In this article (3min read):

  • The trends we’ve seen with greenfield community lead generation since 2022 across Google and Meta advertising platforms
  • Why January is such a good month to generate leads for our property clients
  • What you can do now to prepare for January’s advertising

 

We reviewed our average cost per conversion on Google from 2022-2025, and average cost per lead on Meta from 2023-2025. And when we compared January’s results to the rest of the months of the year a clear trend emerged.

 

Cost per lead trends from 2022-2025

Since 2022, January has been the highest performing month of lead generation for our property clients across our Google and Meta ad accounts.

Since 2022 the average Google cost per conversion in January has been 31% lower than the average of the remaining months of the year.

On Meta, January’s average Meta Cost Per Lead has been 24% lower that then remaining months of the year.

In addition to this, it has consistently been the most, or second most, efficient lead generating month in the calendar year. This includes better results than the traditional Spring boom in the property market – where it is customary to launch campaigns and increase advertising spend.

In previous years many of our clients have recognised this trend and increased advertising spend to capitalise on this opportunity.

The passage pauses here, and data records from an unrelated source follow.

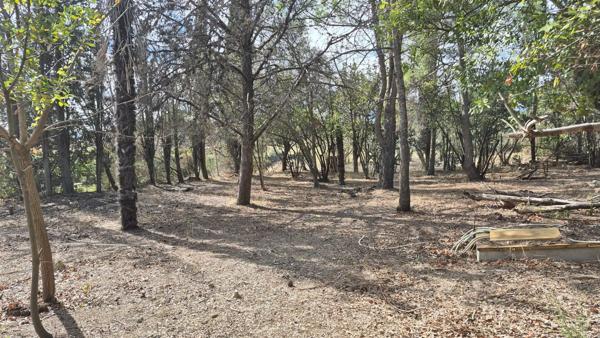 Terrain Ouveillan 737 m2 arboré et vue agréable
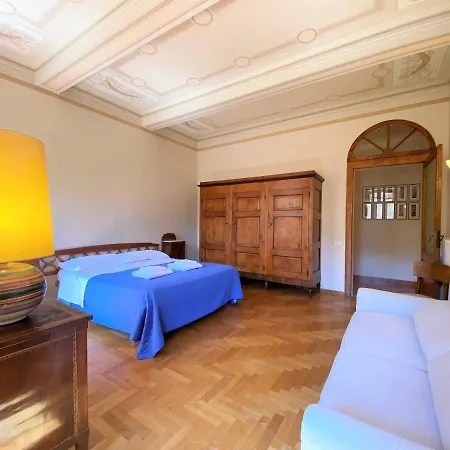 La Fonte-with Balcony Close By Piazza Del Campo Siena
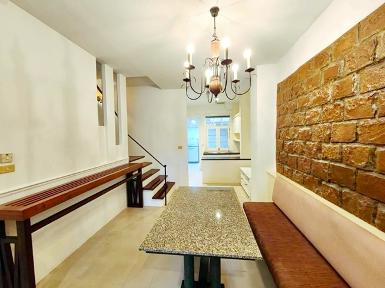 หรูมาก รัชดาภิเษก40-48 BTSรัชโยธิน 800ม. ทาวน์เฮาส์ 3 ชั้น พร้อมเ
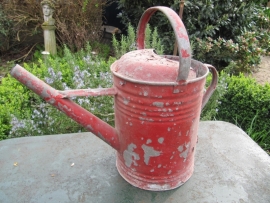 Brocante old red zinc watering can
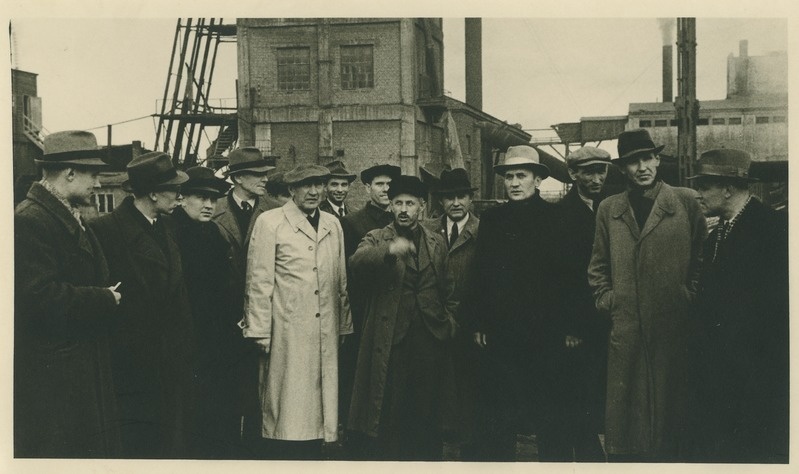TPI juhtkond ja keemiamäeteaduskonna õppejõud tutvumas Kiviõli tehasega, keskel heledas mantlis Paul Kogerman, 1947.a.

Graph of Meta Ads cost per lead from 2023-2025

Graph of Google Ads cost per lead from 2022-2025

Four reasons why property lead generation is so effective in January:

  1. Most people enjoy time off work in December/January. After the initial Christmas frenzy, we spend more time relaxing. Without having to work each day we have more time to watch TV and scroll on our phones. Consuming more media means consuming more advertising, and allows savvy advertisers to generate revenue from this increased attention.
  2. January and the New Year are associated with fresh beginnings and goal setting. People set New Year’s resolutions, reflect on the previous year and set goals (however loosely) for the upcoming year. Buying a house is a significant life event and is likely to be included in these larger goal setting moments.
  3. With time off work many people travel to different places and visit friends and family. Spending time in other peoples homes can spark house envy, where a friend’s ability to successfully host, or their own failed attempt to do so, prompt people to consider buying a new house.
  4. Less advertising competition as retailers (who compete for advertising space to sell their goods to similar audiences) reduce spend after the Black Friday and Christmas sales period through November/December.

 

What smart advertisers can do to prepare to capitalise on Summer holiday spending

  1. Don’t slow down in December! Use the remaining days to prepare proactive campaigns and increased advertising spend
  2. Campaigns need to be noticed to be effective. Aim to be the boldest version of your brand by investing in quality creative. Campaigns with poor creative cost you more money through poor performance than they save in creative costs
  3. Consider increasing budgets to capitalise on a more receptive advertising audience. Just like a good investment strategy it makes sense to ‘buy’ leads when they’re priced low.

In summary

If the trend seen in the past three years continues again in 2026, savvy advertisers stand to gain if they buck the industry trend of winding down over Summer holidays and instead increase their advertising presence.

Would you rather start 2026 off with a bang, or concede an advantage to one of your competitors who does?